Published by Ceylon Government, Information Dept. Colombo, 1912.
WHEN the Guide of the World, having accomplished the salvation of the whole world and having reached the utmost stage of blissful rest, was lying on the bed of his nibbana; in the midst of the great assembly of gods, he, the great sage, the greatest of those who have speech, spoke to Sakka' who stood there near him: `Vijaya, son of king Sihabahu, is come to Lanka from the country of Lala, together with seven hundred followers. In Lanka, O lord of gods, will my religion be established, therefore carefully protect him with his followers and Lanka.
Vijaya meets the Yakkhini
And no sooner had the god received the charge from Sakka than he came speedily to Lanka and sat down at the foot of a tree in the guise of a wandering ascetic. And all the followers of Vijaya came to him and asked him: `What island is this, sir?' `The island of Lanka, he answered. `There are no men here, and here no dangers will arise.' And when he had spoken so and sprinkled water on them from his water-vessel, and had wound a thread about their hands he vanished through the air. And there appeared, in the form of a bitch, a yakkhini who was an attendant (of Kuvanna).
One of (Vijaya's men) went after her, although he was forbidden by the prince (for he thought), 'Only where there is a village are dogs to be found.' Her mistress, a yakkhini named Kuvanna, sat at the foot of a tree spinning, as a woman hermit might.
When the man saw the pond and the woman-hermit sitting there, he bathed there and drank and taking young shoots of lotuses and water in louts-leaves he came forth again. And she said to him: "Stay! thou art my prey!". Then the man stood there as if fast bound.
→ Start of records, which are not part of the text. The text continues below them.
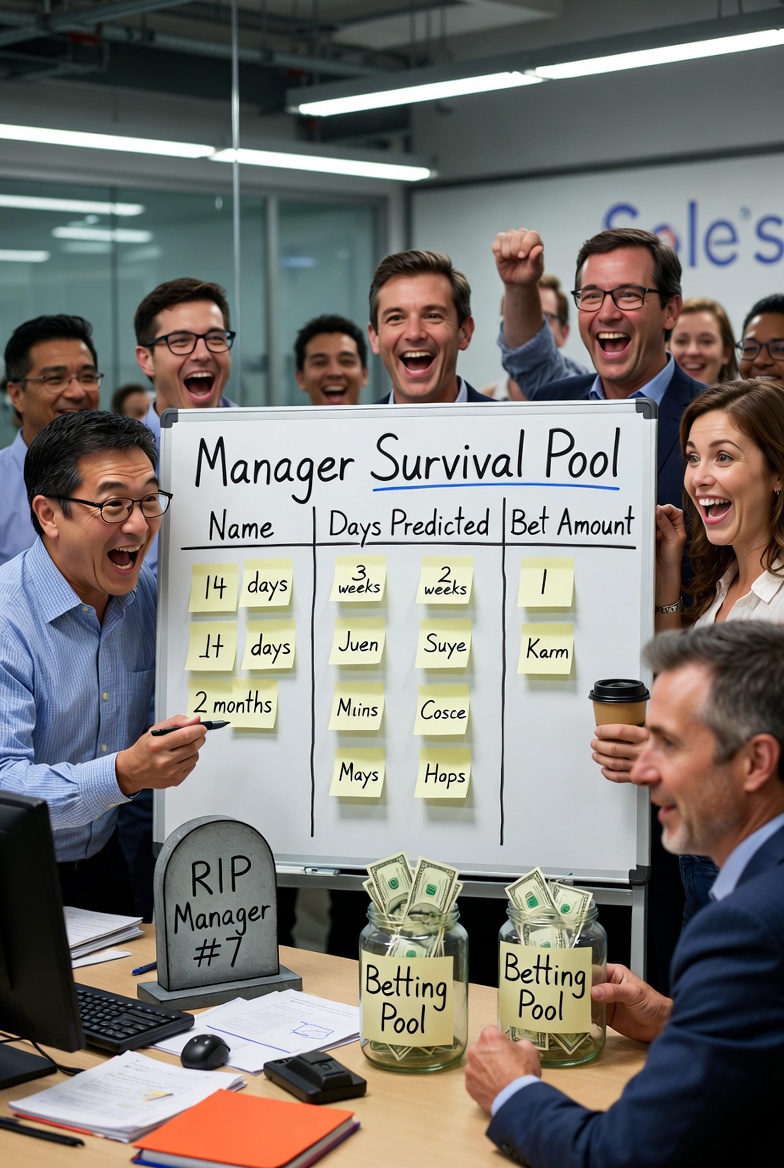A quality manager at a whiteboard in a medical device manufacturing facility under operational pressure.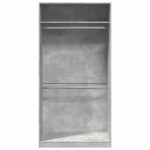 vidaXL Șifonier, gri beton, 100x50x200 cm, PAL vidaXL Șifonier, gri beton, 100x50x200 cm, PAL
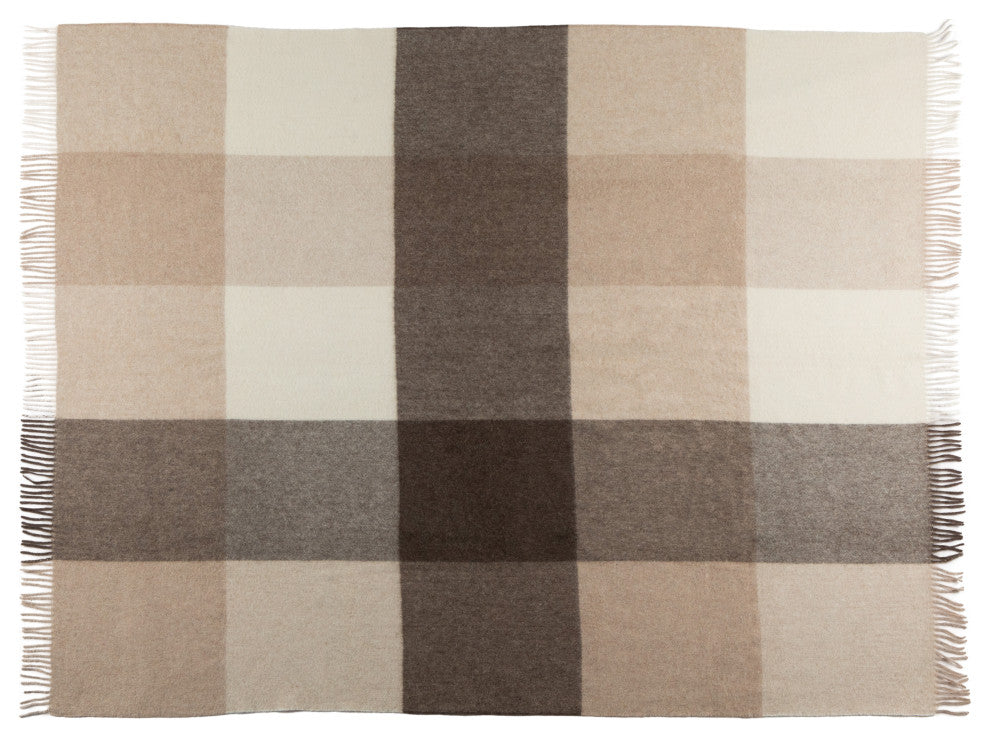 Recycled Alpaca Wool Blend Throws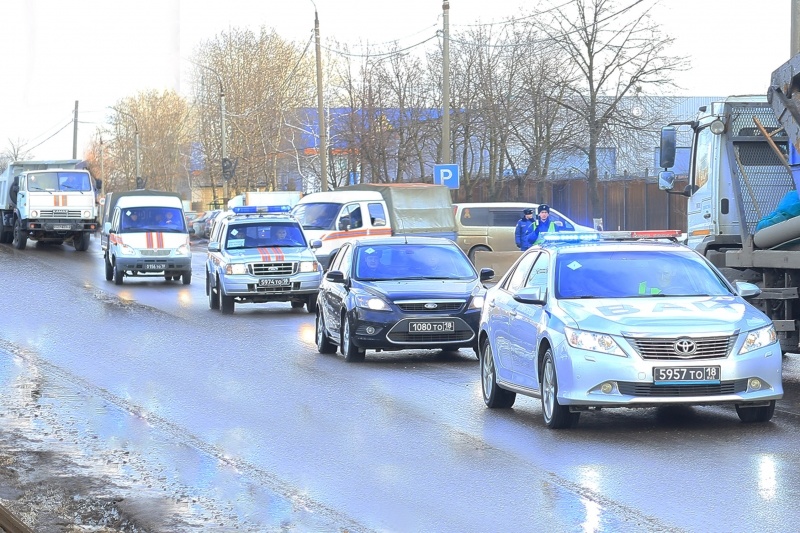 Тактико-специальное учение с совершением 300 километрового марша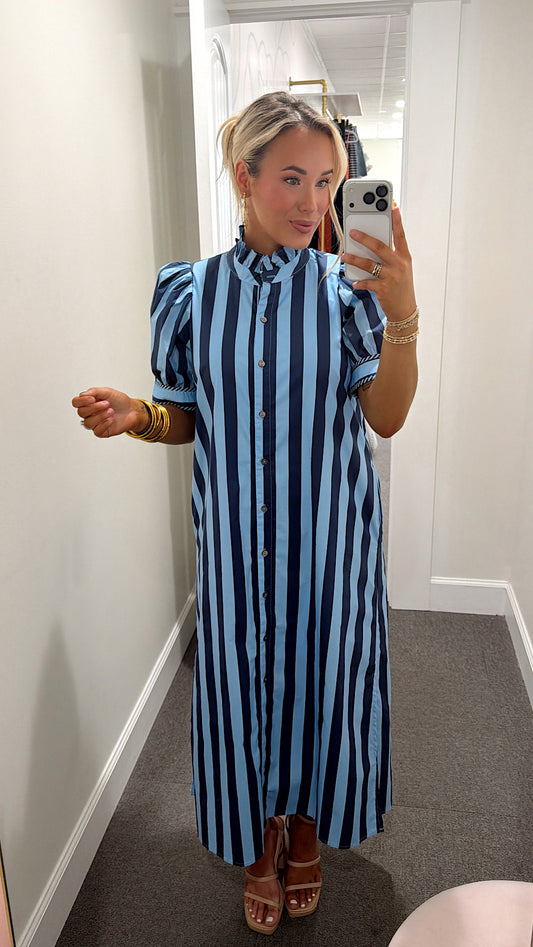 Bluebell Stripe Midi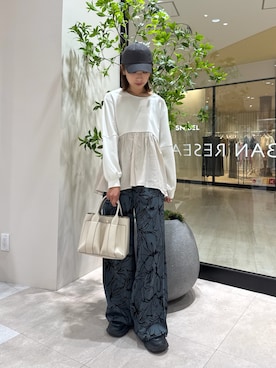 「初秋のパンツスタイル」｜「アイテム（キャップ）」を使った、YUKI ♪ さん（レディース・160cm）の秋コーディネート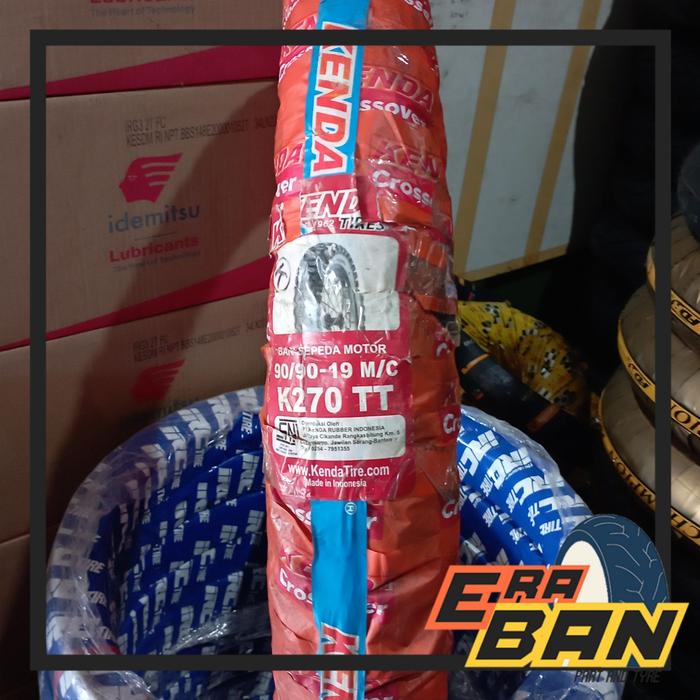 BAN LUAR KENDA K270 90 90 RING 19 TUBETYPE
But because of the power of the magic thread she could not devour him, and though was entreated by the yakkhini, the man would not yield up the thread. Then the yakkhini seized him, and hurled who cried aloud into a chasm. And there in like manner she hurled (all) the seven hundred one by one after him.
And when they all did not return fear came upon Vijaya; armed with the five weapons he set out, and when he beheld the beautiful pond, where he saw no footstep of any man coming forth, but saw that woman-hermit there, he thought: 'Surely my men have been seized by this woman.' And he said to her, 'Lady, hast thou not seen my men?' 'What dost thou want with thy people, prince?' she answered. 'Drink thou and bathe.'
Then was it clear to him: 'This is surely a yakkhini, she knows my rank,' and swiftly, uttering his name, he came at he drawing his bow. He caught the yakkhini in the noose about the neck, and seizing her hair with his left hand he lifted his sword in the right and cried: 'Slave! give me back my men, or I slay thee!' Then tormented by fear the yakkhini prayed him for her life. 'Spare my life, sir, I will give thee a kingdom and do thee a woman's service and other services as thou wilt.'
And that he might not be betrayed he made the yakkhini swear an oath, and so soon as the charge was laid on her, 'Bring hither my men with all speed,' she brought them to that place. When he said, 'These men are hungry,' she showed them rice and other(foods) and goods of every kind that had been in the ships of those traders whom she had devoured.
(Vijaya's) men prepared the rice and the condiments, and when they had first set them before the prince they all ate of them.
When the yakkhini had taken the first portions (of the meal) that Vijaya handed to her, she was well pleased, and assuming the lovely form of a sixteen year old maided she approached the prince adorned with all the ornaments. At the foot of a tree she made a splendid bed, well covered around with a tent, and adorned with a canopy. And seeing this, the king's son, looking forward to the time to come, to her to him as his spouse and lay (with her) blissfully on that bed; and all his men encamped around the tent.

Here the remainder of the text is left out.